The tax-free Pyrenean principality of Andorra could be about to pay a price for the boom that took it from mules to fast cars in 40 years.
The 8,000 Andorrans, outnumbered five to one by foreign residents, are coming under pressure to grant wider citizenship rights and loosen a protective corset of medieval institutions and puritanical laws.And concern is growing in the valley's 4,000 shops that European Community liberalization in 1992 will hurt their wealthy shoppers'-paradise economy.
The 190-square mile principality, nestling high on the border between France and Spain, owes its survival to a 700-year-old power-sharing pact between two co-princes - the current ruler of France and the Bishop of the Spanish town of Seo de Urgel.
The agreement has protected Andorra from takeover and spared it centuries of European wars and turmoil.
But in the past 40 years what was a sleepy cheese-making community has changed dramatically. Its tax-free status and a tourism boom have attracted a stream of shoppers, eager to stock up cheaply on cigarettes, whisky, clothing and electronic goods.

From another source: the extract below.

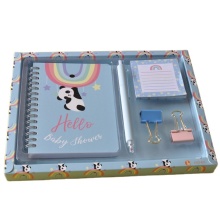 Personalized Kawaii Panda Cartoon Rainbow Hardcover Stationery Set for Kids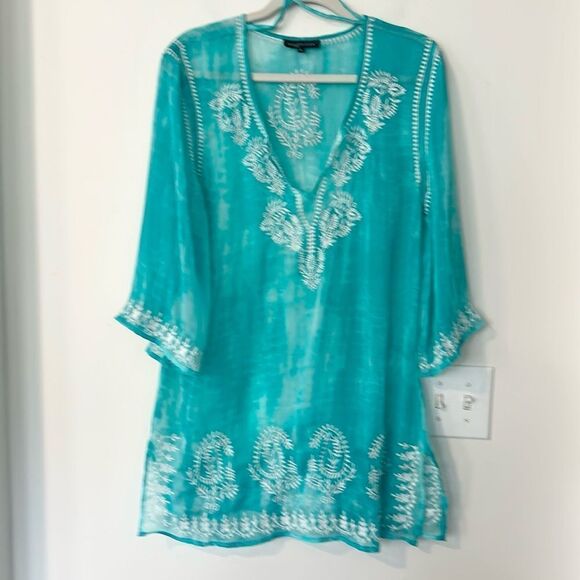 Spiaggia Dolce Aqua Tunic, Cover-up, Kaftan L - Picture 1 of 6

Andorrans, who switch effortlessly from the official Catalan language to French and Spanish, became skilled traders overnight. Shops and hotels mushroomed. Fast cars choked narrow streets and satellite television dishes sprouted on farms.
"Like Arab emirates went from camels to Cadillacs, Andorra shot from mules to BMWs," said Louis Deble, the representative of French President and Co-prince Francois Mitterrand.
Ten million visitors descended on the principality's long shopping street last year, taking the Andorrans' annual per capita income to $12,000.
But the boom is leveling off as Spain's entry into the EC brings prices down over the border. It could end when the EC drops its internal trade barriers in 1992.
The EC, unhappy with this tax-free enclave, has asked France and Spain to review their trade accords with Andorra and is to start negotiating soon with the principality.